Is 80% of the Industry Confident in India’s Growth Prospects? Insights from FICCI Pre-Budget Survey
Synopsis
Key Takeaways
New Delhi, Jan 22 (NationPress) A recent pre-Budget survey conducted by FICCI revealed a remarkable level of optimism within the industry, as nearly 80 percent of the participants indicated a positive outlook on India's growth prospects.
Almost half of the respondents anticipate that the GDP growth will stay within the 7–8 percent range for FY 2026–27, reaffirming their confidence in India's medium-term fundamentals despite ongoing global challenges.
The survey also highlighted the significance of fiscal responsibility, with about 42 percent of respondents believing that the fiscal deficit target of 4.4 percent of GDP can be met in FY 2025–26, thus reinforcing their faith in the government's fiscal consolidation plans.
According to the findings, three key macroeconomic priorities are emerging for the Union Budget 2026–27: job creation, a consistent focus on infrastructure, and enhanced support for exports. The sectors anticipated to receive attention include infrastructure, manufacturing, defence, and MSMEs, among others.

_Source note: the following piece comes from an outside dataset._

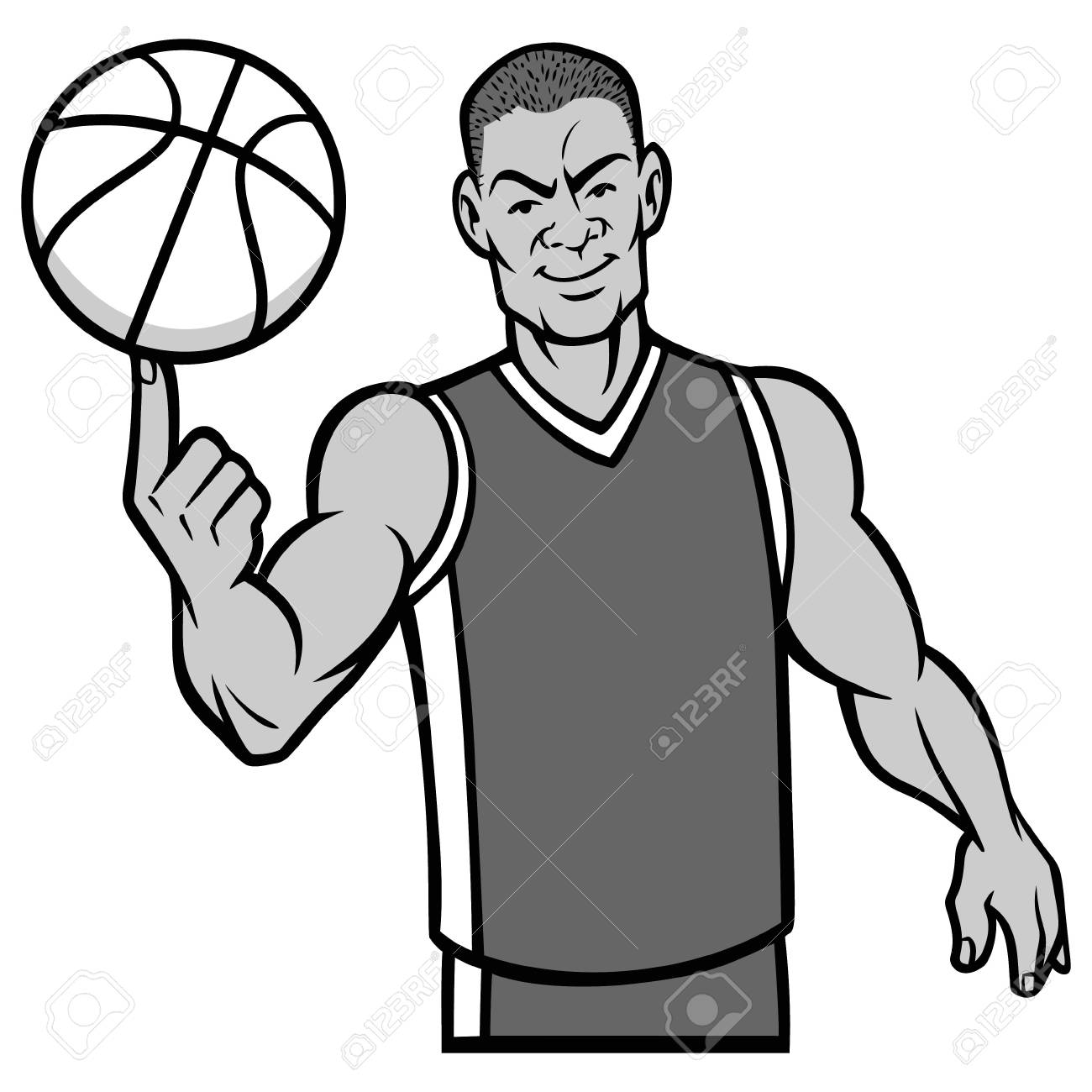 photo Spinning Basketball On Finger Pose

The report suggests that the government should maintain its emphasis on manufacturing and capital expenditure (capex).
“The establishment of a mega electronics industrial cluster to co-locate OEMs, EMS companies, and component suppliers is crucial for propelling this strategic sector. In addition, a strong focus on defence manufacturing is equally important,” it proposed.

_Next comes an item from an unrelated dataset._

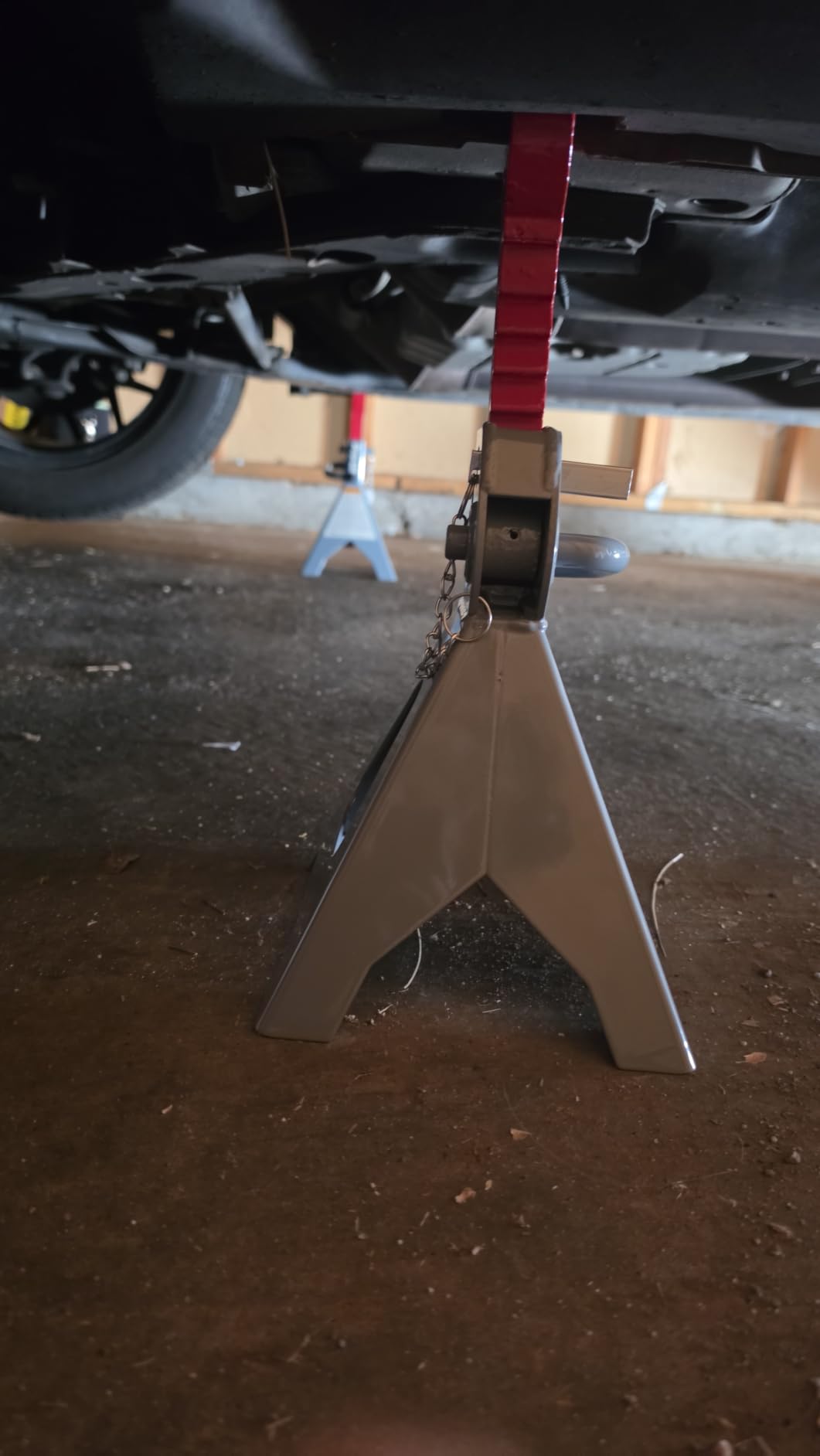 Pro-LifT PL3300 Heavy Duty Jack Stands For Car - 3 Ton in Pair with Double Pins - Handle Lock and Mobility Pin for Extra Safety - Great for Home Auto Repair Shop, Orange customer photo 2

Moreover, it recommends that the government increase the capital outlay share in defence allocations to 30 percent to modernise frontline assets, UAVs, counter-UAV systems, EW systems, and AI-enabled capabilities.

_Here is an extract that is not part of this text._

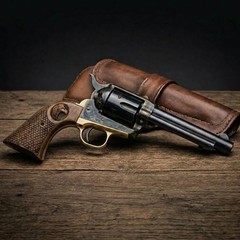 Heritage Arms Rough Rider Grips in Walnut with Scales and Carved American Eagle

Enhancing the Drone PLI allocation to Rs 1,000 crore and creating a Rs 1,000 crore Drone R&D Fund will provide a boost to this emerging sector.
“Given the rising global trade tensions and uncertainties regarding global tariffs and non-tariff barriers such as CBAM and regulations related to deforestation, the expectation for support for exports in the Union Budget is clearly evident,” the survey stated.
To improve India's export performance and its integration into global value chains, respondents stressed the need for streamlining trade facilitation and customs processes, reducing logistics and port-related obstacles, and enhancing export incentive and refund mechanisms.
The Union Budget is expected to increase allocations under the Remission of Duties and Taxes on Exported Products (RoDTEP) to boost export competitiveness. The industry also anticipates announcements regarding reforms in SEZ policy and further rationalisation of customs tariffs.
Customs tariffs could be further simplified by converging rate slabs into three levels, which would significantly reduce compliance costs and enhance certainty, as per the FICCI survey.
On the direct tax front, key expectations from respondents include simplifying compliance through digitisation, providing tax certainty, and improving dispute resolution and litigation management.